Winner of the Felix Pollak Prize in Poetry, selected by Carmen Giménez Smith
“I am so deeply moved by the subdued lyric force of this collection, if only subdued could capture the elegant control Nguyen exerts on his line. Sensuously constructed, in Come Clean he looks at the vast landscape of history through the desire for Marie Kondo’s order and a cure for imposter’s syndrome, in a book that’s as current as it is timeless.”
—Carmen Giménez Smith
Joshua Nguyen’s sharp, songlike, and often experimental collection compartmentalizes past trauma—sexual and generational—through the quotidian. Poems aim to confront the speaker’s past by physically, and mentally, cleaning up.

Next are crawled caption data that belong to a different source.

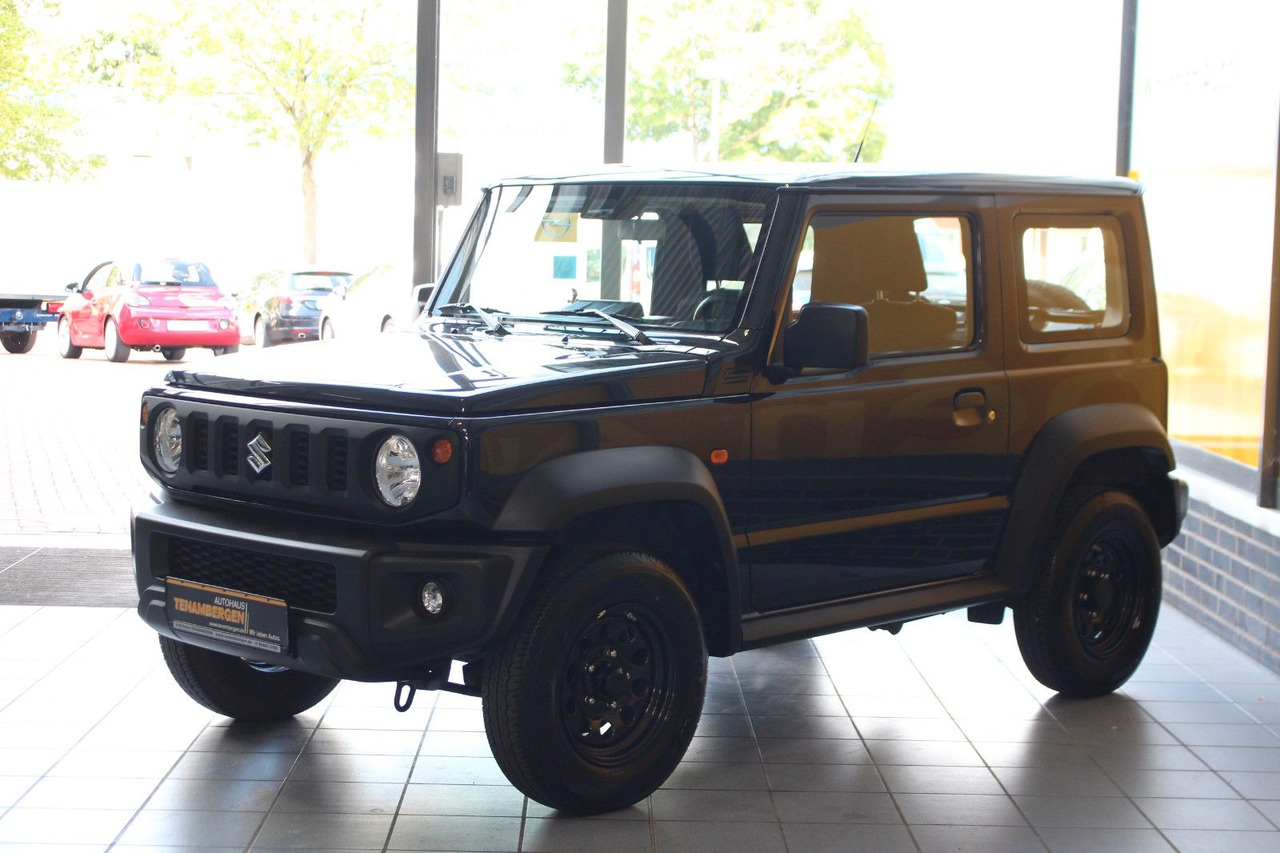Suzuki Jimny zuschaltbarer Allradantrieb Allgrip - SUV: slika 4 Suzuki Jimny zuschaltbarer Allradantrieb Allgrip - SUV: slika 4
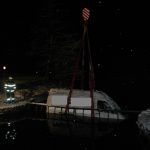 Hasiči vylovili dodávku, která spadla do Vltavy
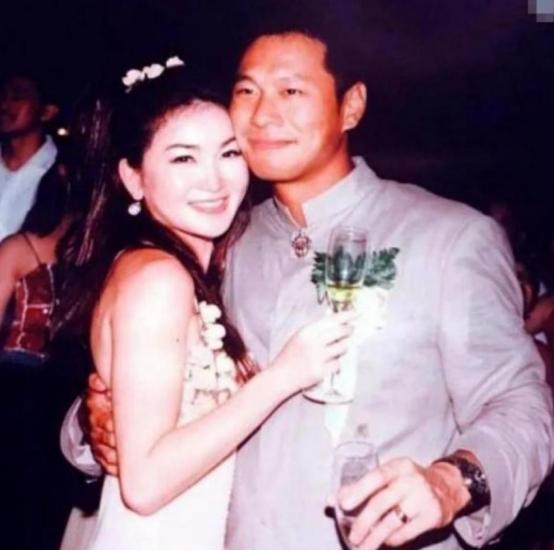 2006年，温碧霞因为查出来不能生孩子，哭着跟丈夫何祖光提离婚。谁能想到，何祖光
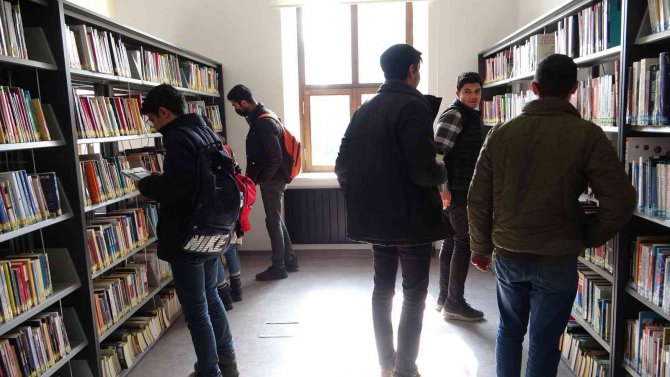 Yeni Kütüphaneyi 10 Günde 20 Bin Kişi Ziyaret Etti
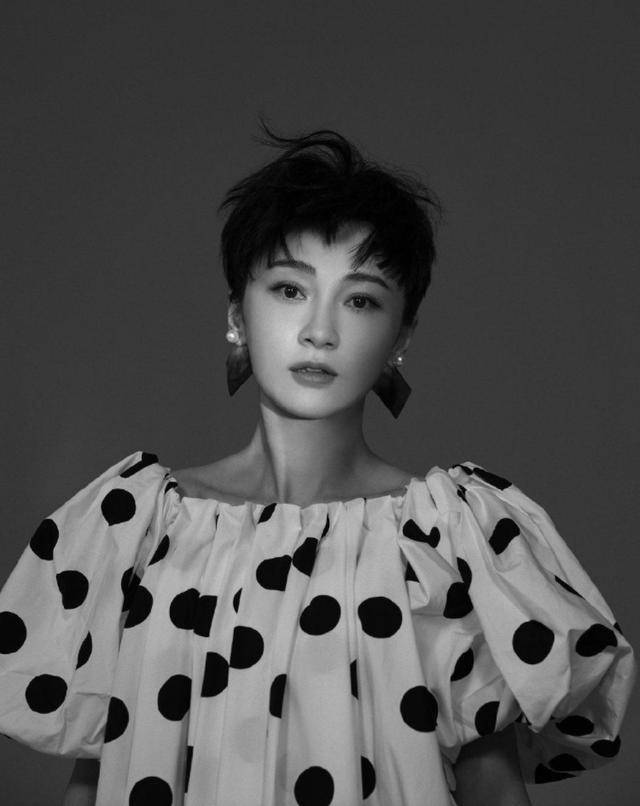 姚笛近况曝光!被传与富商分手后风格大变,短发造型模仿马伊琍?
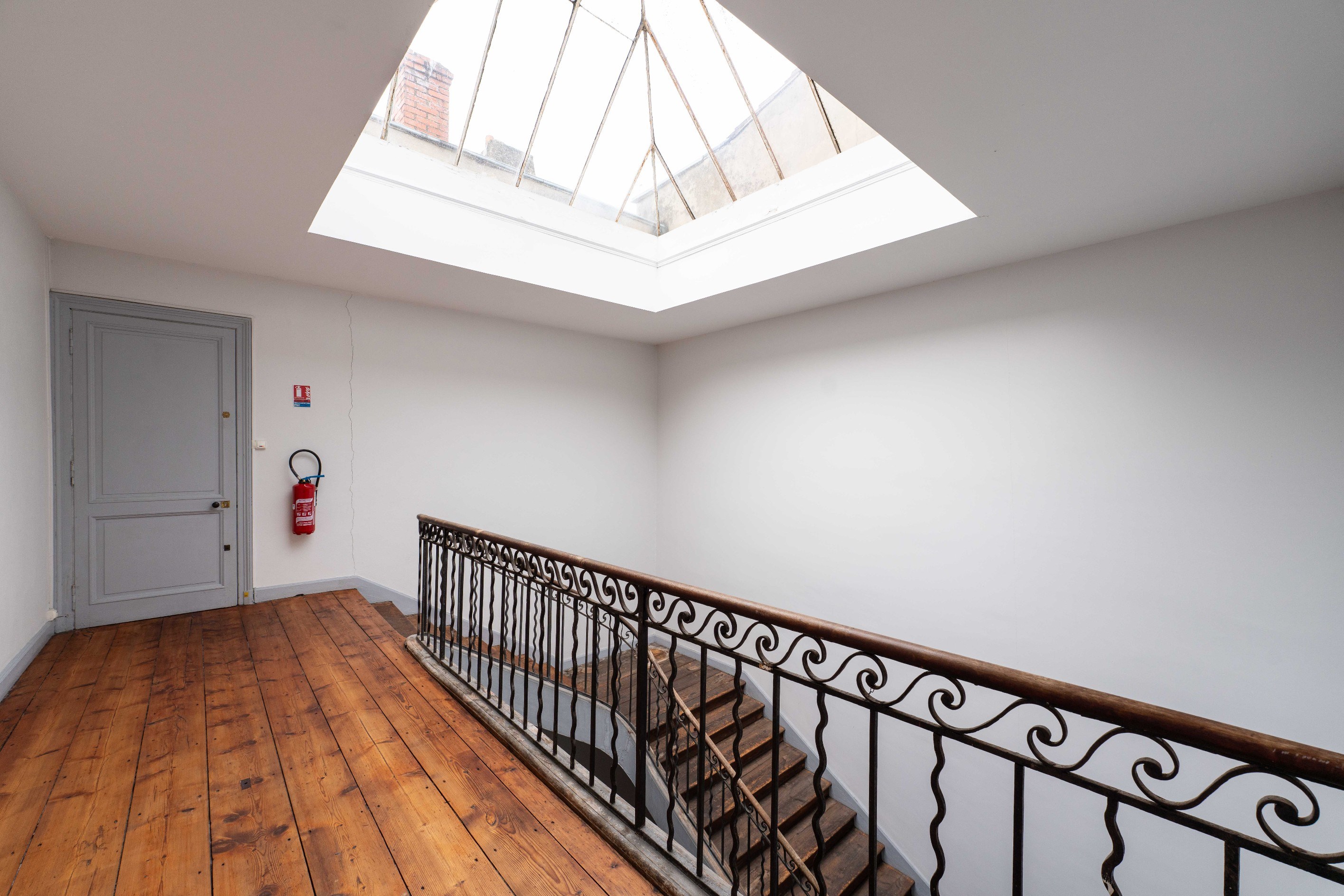  Charming Renovated Apartment with Period Features – City Center - 物件實景
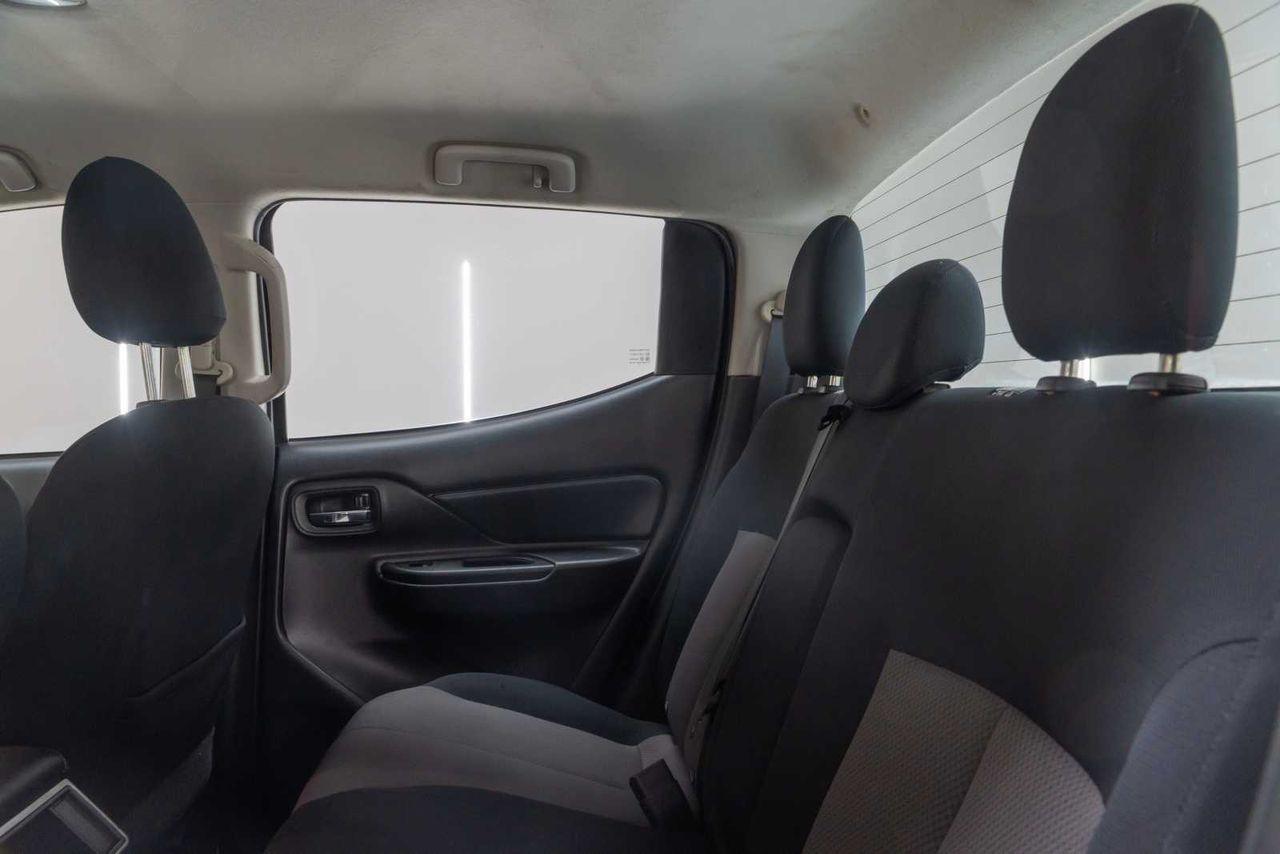Mitsubishi L200 pickup doble cabina d/c 220 di-d m-pro  - Foto 20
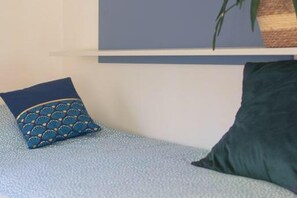 Room - SPA central charmant duplex cosy 90m2 à 300m rue piétonne et 500 m du port (Boulogne-sur-Mer)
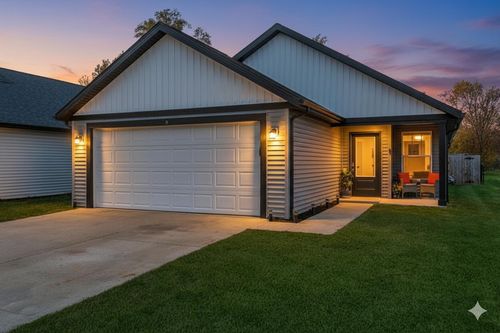 614 W Brown Ave, Mishawaka, IN, 46545-8826 | Card Image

Here, the Asian-American masculine interrogates the domestic space through the sensual and finds healing through family and in everyday rhythms: rinsing rice until the water runs clear, folding clean shirts, and attempts at re-creating an unwritten family recipe. Yet past wounds remain present like permanent marker under layers of paint or spilled fish sauce set into car upholstery. Infused with the Shinto-inspired organizing practices of KonMari and the catchy nihilism of Mitski’s songs, the poems in Come Clean unpack, organize, and tidy up life’s messy joys and hurtful chaos with intimacy, grace, and vulnerability.
American Lục Bát For My Mother
In American Lục Bát for My Mother, Joshua Nguyen reimagines the lục bát, a traditional Vietnamese form, to bridge past and present, east and west, tradition and innovation. The poems sizzle with garlic and fish sauce as the speaker tries (and fails) to recreate one of his mother’s recipes—but beneath these tender love letters from a son to his mother simmers a crackly interrogation of American imperialism, whiteness, assimilation, and survival. How can we honor and preserve the histories, languages, songs, and recipes that are carried across borders and filtered through generations, while still holding space for expansion and connection, gratitude and honesty, salt and sugar?